START Information supplied

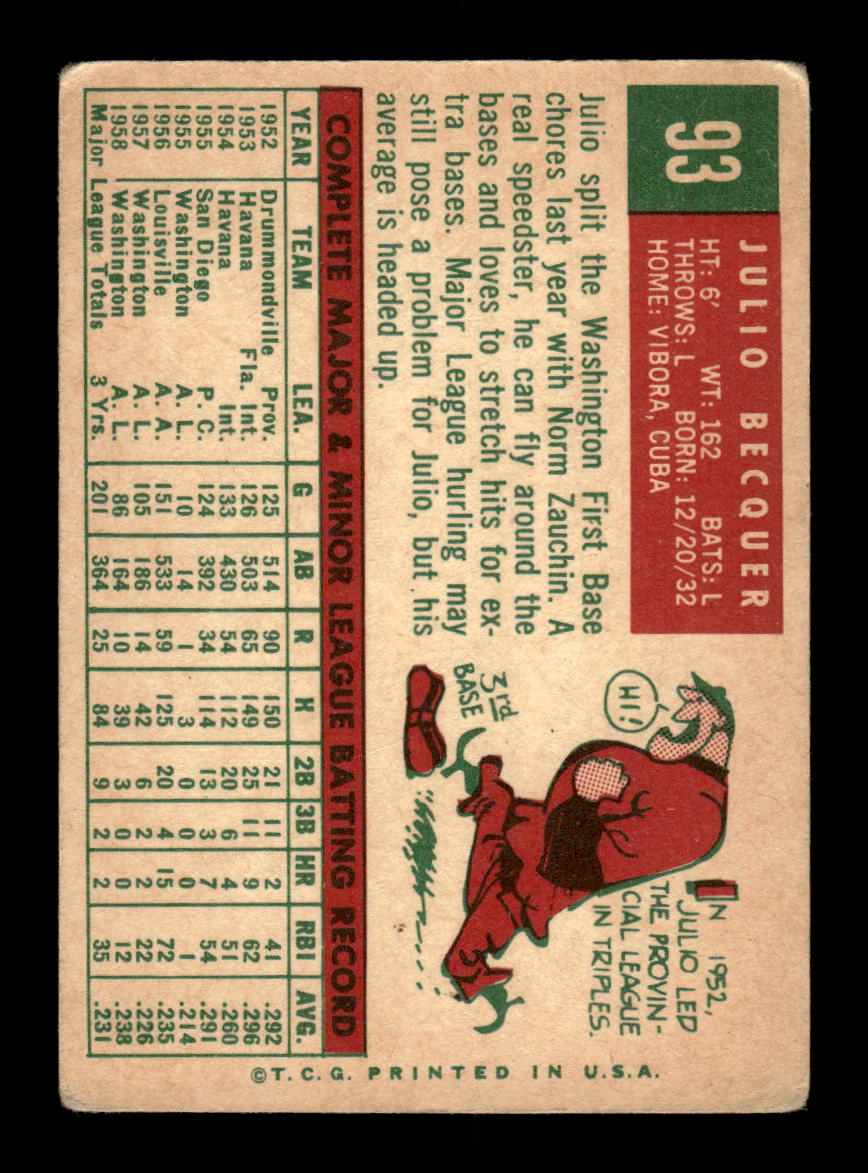 1959 Topps #93 Julio Becquer Washington Senators SIGNED ON CARD CS26017637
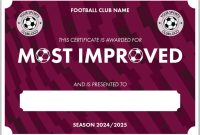 Most Improved Soccer Player Certificate (1st Free PDF Template)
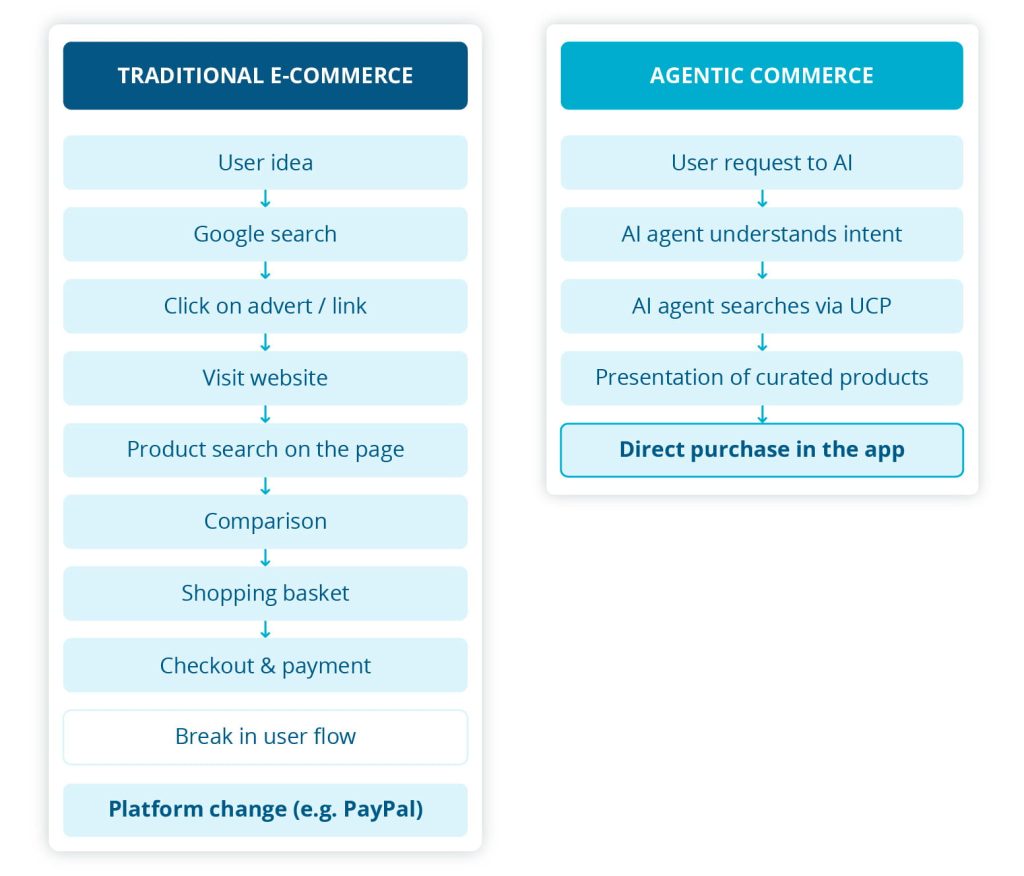 Comparison graphic showing traditional e‑commerce versus agentic commerce workflows from user input to completed purchase.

END Information supplied

From the first line to the last, retype the data above exactly, but not its images.

Worked solution
 1959 Topps #93 Julio Becquer Washington Senators SIGNED ON CARD CS26017637
 Most Improved Soccer Player Certificate (1st Free PDF Template)
 Comparison graphic showing traditional e‑commerce versus agentic commerce workflows from user input to completed purchase.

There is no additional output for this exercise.